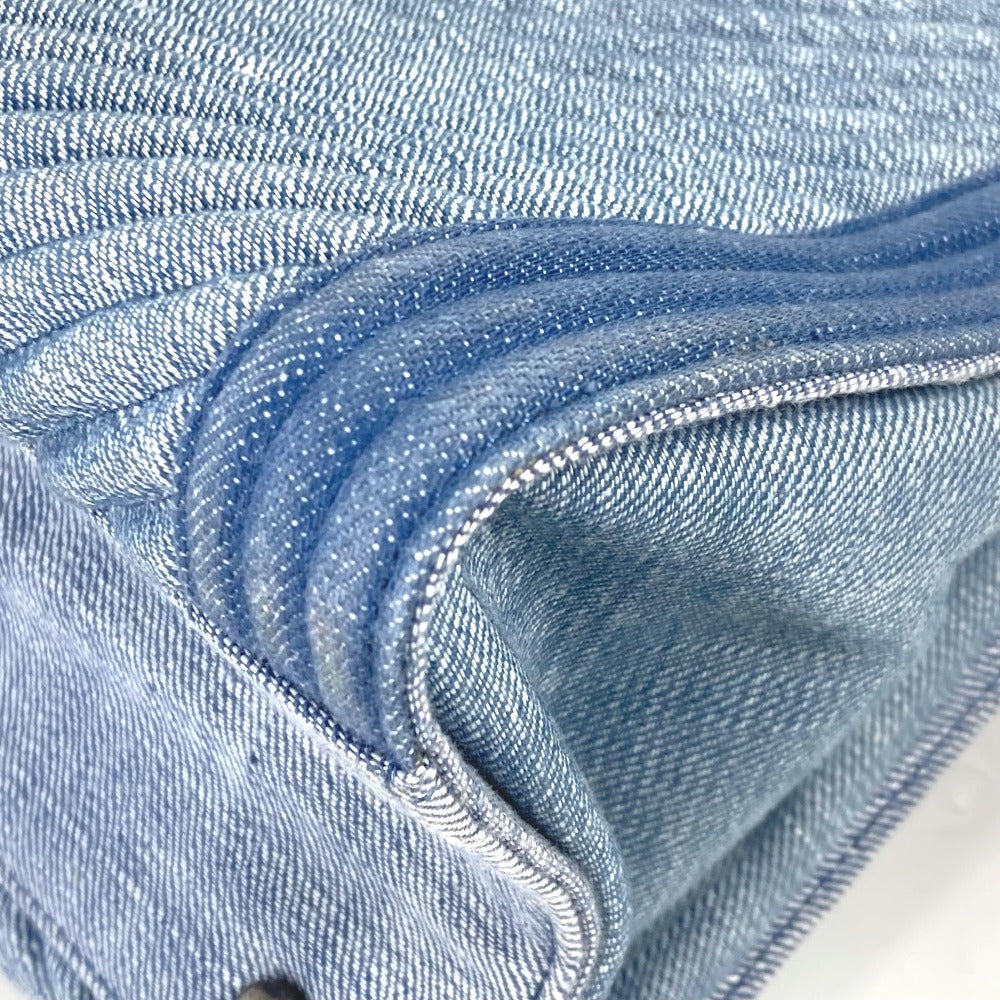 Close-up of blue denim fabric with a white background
==
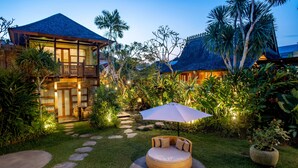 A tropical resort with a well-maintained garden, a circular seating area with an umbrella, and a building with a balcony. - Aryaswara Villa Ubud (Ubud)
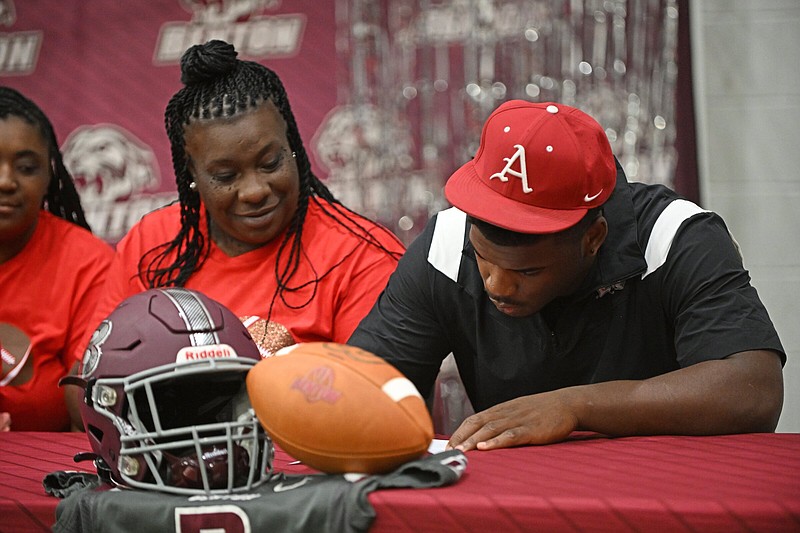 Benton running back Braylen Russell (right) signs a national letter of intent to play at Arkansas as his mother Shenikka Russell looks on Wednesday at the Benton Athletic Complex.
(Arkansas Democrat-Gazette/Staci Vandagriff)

• _EXERCISE PROMPT_: Pictures aside, return exactly the lines from the data above, starting at the line that has "Benton running back" and ending at the line that has "(Arkansas Democrat-Gazette/Staci Vandagriff)", both included.

• _EXERCISE SOLUTION_:
 Benton running back Braylen Russell (right) signs a national letter of intent to play at Arkansas as his mother Shenikka Russell looks on Wednesday at the Benton Athletic Complex.
(Arkansas Democrat-Gazette/Staci Vandagriff)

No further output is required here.